The Devil’s Holiday

When I worked at my favorite store, I had an equally favorite store next door.  It was a home décor and furnishings business that was filled with vintage and new wares.  Their displays were so inventive and creative (and even more so for the holidays) that I would often wander over when things were slow at our place.  These two businesses were the perfect neighbors – creative and arty in every aspect.

I wasn’t the only Nattie that shopped next door.  Often on the way back and forth from the parking lot to the store, one of us would say, “Have you seen what they’ve got in the window now?”  That would cause an exodus to check out their newest display that often resulted in returning to the home base for a debit card.

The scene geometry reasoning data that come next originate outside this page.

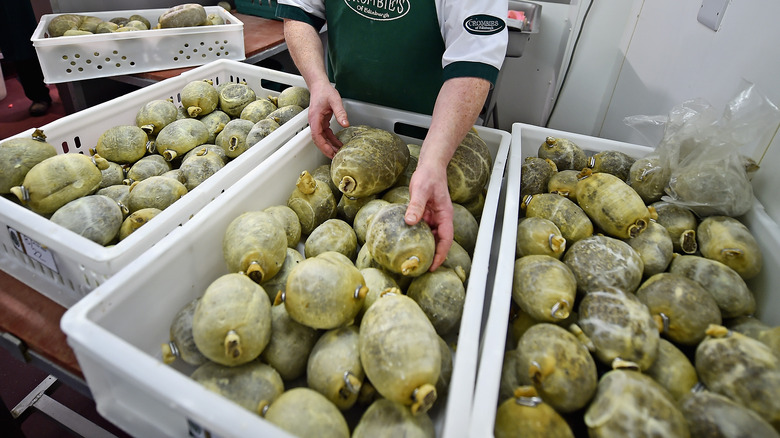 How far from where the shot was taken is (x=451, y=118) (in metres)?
1.25

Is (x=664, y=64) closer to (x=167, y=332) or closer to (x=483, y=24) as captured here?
(x=483, y=24)

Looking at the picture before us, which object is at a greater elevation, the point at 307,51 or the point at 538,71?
the point at 307,51

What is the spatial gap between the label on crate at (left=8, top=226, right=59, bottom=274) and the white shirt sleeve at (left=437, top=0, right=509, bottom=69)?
120 cm

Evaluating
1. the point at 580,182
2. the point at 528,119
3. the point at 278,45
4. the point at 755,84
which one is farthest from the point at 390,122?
the point at 278,45

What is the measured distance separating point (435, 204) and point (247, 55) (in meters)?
2.13

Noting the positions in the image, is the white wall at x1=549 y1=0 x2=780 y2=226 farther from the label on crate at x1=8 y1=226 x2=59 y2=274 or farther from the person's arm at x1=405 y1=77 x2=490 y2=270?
the label on crate at x1=8 y1=226 x2=59 y2=274

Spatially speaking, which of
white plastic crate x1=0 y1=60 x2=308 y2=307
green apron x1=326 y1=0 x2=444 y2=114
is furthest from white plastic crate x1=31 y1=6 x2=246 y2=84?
green apron x1=326 y1=0 x2=444 y2=114

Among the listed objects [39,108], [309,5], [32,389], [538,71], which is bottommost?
[32,389]

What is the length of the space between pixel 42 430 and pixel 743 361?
2409mm

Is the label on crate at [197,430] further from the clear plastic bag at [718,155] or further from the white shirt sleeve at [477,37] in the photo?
the clear plastic bag at [718,155]

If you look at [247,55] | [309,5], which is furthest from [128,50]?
[309,5]

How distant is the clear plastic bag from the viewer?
1.23 metres

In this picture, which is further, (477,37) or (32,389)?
(32,389)

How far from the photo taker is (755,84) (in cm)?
134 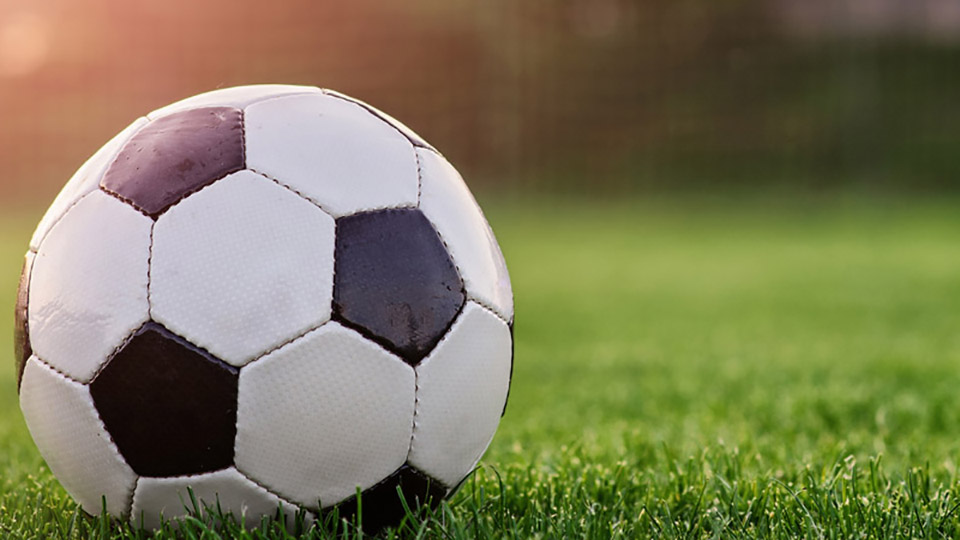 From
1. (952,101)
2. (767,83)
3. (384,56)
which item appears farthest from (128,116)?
(952,101)

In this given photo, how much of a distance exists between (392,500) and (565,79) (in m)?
21.8

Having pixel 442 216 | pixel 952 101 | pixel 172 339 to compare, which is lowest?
pixel 952 101

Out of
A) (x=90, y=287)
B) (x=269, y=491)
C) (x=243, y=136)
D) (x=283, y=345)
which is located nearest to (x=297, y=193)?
(x=243, y=136)

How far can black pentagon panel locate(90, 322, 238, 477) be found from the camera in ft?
5.91

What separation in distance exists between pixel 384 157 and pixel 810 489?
1199 millimetres

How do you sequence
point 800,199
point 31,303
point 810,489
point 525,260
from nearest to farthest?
point 31,303
point 810,489
point 525,260
point 800,199

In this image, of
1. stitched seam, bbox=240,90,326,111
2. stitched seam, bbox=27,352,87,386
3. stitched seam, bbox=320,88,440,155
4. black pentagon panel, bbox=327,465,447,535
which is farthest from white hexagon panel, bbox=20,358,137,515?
stitched seam, bbox=320,88,440,155

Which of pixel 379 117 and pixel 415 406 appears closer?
pixel 415 406

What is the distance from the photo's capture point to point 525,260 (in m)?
12.6

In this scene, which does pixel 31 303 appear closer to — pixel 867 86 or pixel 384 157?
pixel 384 157

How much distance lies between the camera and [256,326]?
5.93ft

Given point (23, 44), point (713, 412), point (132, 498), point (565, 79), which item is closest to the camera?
point (132, 498)

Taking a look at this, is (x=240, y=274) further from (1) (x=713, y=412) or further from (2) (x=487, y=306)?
(1) (x=713, y=412)

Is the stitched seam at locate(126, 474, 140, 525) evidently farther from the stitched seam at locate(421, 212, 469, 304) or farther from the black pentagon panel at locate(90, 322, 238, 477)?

I got a vintage chair reupholstered in houndstooth as a Christmas present one year.  Two days in the window and I brought Mark by and said, “This.  This is all I want this year.”  It has been in my living room ever since and is still one of my favorite things.

One day when my mom was visiting I took her up to the shopping center to meet my coworkers.  “We have to go next door, too, Mom.  You have to see what they do.”  My mom doesn’t share my love of vintage, but she is game and acts enthused when I gush over rust because she is a mom and that’s in the job description regardless of the age of the kid.

The owner happened to be in and I introduced her to Mom.  Her and one of her employees were in the process of taking down the Halloween decorations to get ready for Thanksgiving and Christmas.

“Oh, I just hate Halloween,” Mom said. 

“Me, too,” the owner said.  “You do know it’s the devil’s holiday, don’t you?”

Among the skulls and bats and other ghoulish decor, Mom said, “Oh yes, of course I’ve heard it referred to as that. But for my husband and me it was more about trying to come up with costumes for six kids every year.  That was long before you could actually buy a costume like you can now.  You had to be creative with whatever you had on hand.”

Her six kids could vouch for that.  We spent years being ghosts (hello white twin size sheet) or Mom’s personal favorite – a hobo.  None of us actually knew what a hobo was, but Mom sure did and she could blacken a wine cork and smudge your face dirty like a hobo pro. 

“I don’t like it,” we all said to her at one time or another.

“You look great,” she’d say shoving you out the door with a brown paper grocery sack and a bandana hanging from a stick over your shoulder.  And when the neighborhood kids would ask you what you were supposed to be and you said “hobo”, they would look equally confused.

But at that point it no longer mattered.  With no curfew, supervision or limits on radius or neighborhoods, what mattered most was how many pounds of candy you and your costumed cohorts could haul home before your overladen paper sack would tear and spill all that sugary goodness onto the the sidewalk.

It was the most perfect day to be a kid.

“Didn’t you love that store, Mom?” I asked as we headed to the car.

“It was fine,” she said.  “I have to say, though, that that woman sure doesn’t seem to mind making a buck off the devil’s holiday.”

That’s when I knew that despite what she always proclaimed, Mom had secretly been on the side of her six, little devils…..even if it meant losing her marbles for weeks before.